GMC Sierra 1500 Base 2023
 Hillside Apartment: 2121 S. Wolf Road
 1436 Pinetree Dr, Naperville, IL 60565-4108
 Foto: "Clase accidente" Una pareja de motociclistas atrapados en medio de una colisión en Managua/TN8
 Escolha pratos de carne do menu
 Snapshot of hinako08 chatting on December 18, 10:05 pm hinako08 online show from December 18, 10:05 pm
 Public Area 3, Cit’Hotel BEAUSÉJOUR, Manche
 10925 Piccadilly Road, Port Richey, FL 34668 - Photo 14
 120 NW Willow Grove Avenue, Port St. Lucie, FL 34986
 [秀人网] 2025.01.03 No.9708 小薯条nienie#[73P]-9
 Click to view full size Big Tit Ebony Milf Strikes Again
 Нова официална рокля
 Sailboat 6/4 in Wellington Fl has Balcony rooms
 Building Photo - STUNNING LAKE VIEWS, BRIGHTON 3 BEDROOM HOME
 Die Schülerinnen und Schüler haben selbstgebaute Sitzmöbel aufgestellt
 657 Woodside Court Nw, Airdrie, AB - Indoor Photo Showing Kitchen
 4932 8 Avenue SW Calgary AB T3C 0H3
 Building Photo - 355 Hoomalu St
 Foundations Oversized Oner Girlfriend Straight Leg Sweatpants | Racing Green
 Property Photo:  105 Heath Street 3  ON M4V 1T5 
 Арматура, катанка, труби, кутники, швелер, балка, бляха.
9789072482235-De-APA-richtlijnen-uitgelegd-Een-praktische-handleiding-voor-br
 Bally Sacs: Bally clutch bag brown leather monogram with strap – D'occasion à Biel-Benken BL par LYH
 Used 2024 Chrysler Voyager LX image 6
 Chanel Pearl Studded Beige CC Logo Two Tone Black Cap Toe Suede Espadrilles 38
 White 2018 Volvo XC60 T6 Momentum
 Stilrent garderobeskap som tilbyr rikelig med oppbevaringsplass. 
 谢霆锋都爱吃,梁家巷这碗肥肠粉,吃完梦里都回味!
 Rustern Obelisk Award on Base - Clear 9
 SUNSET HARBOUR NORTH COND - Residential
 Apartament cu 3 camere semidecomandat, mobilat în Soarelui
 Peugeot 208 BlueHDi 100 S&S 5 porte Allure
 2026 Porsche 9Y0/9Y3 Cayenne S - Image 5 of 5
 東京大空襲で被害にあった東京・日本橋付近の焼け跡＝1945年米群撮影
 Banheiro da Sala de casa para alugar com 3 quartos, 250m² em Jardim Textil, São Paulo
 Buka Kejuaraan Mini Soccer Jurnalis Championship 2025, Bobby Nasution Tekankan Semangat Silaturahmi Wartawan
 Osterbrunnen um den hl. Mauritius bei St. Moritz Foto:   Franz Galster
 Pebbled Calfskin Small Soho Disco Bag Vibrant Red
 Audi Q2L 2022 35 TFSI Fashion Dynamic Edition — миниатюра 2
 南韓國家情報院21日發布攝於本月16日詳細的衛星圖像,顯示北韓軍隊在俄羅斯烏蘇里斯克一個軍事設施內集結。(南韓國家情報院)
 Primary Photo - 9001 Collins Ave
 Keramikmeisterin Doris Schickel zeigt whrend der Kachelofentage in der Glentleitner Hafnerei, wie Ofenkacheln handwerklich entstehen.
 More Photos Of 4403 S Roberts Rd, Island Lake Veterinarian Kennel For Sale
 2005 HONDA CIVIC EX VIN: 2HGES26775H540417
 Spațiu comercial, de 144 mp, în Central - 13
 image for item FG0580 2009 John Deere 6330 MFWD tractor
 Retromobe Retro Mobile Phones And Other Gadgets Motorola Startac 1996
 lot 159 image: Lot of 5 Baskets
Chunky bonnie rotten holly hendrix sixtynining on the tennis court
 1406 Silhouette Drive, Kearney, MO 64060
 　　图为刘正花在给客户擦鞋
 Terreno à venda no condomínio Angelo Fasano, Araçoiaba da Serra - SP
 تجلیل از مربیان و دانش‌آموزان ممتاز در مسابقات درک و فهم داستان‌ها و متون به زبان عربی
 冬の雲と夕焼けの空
::::::::::
ACTIVITY
The reply should hold only the lines of the listing above starting at the line containing "2026 Porsche 9Y0/9Y3" and ending at the line containing "Primary Photo - 9001 Collins Ave", exactly as written.

RESPONSE
 2026 Porsche 9Y0/9Y3 Cayenne S - Image 5 of 5
 東京大空襲で被害にあった東京・日本橋付近の焼け跡＝1945年米群撮影
 Banheiro da Sala de casa para alugar com 3 quartos, 250m² em Jardim Textil, São Paulo
 Buka Kejuaraan Mini Soccer Jurnalis Championship 2025, Bobby Nasution Tekankan Semangat Silaturahmi Wartawan
 Osterbrunnen um den hl. Mauritius bei St. Moritz Foto:   Franz Galster
 Pebbled Calfskin Small Soho Disco Bag Vibrant Red
 Audi Q2L 2022 35 TFSI Fashion Dynamic Edition — миниатюра 2
 南韓國家情報院21日發布攝於本月16日詳細的衛星圖像,顯示北韓軍隊在俄羅斯烏蘇里斯克一個軍事設施內集結。(南韓國家情報院)
 Primary Photo - 9001 Collins Ave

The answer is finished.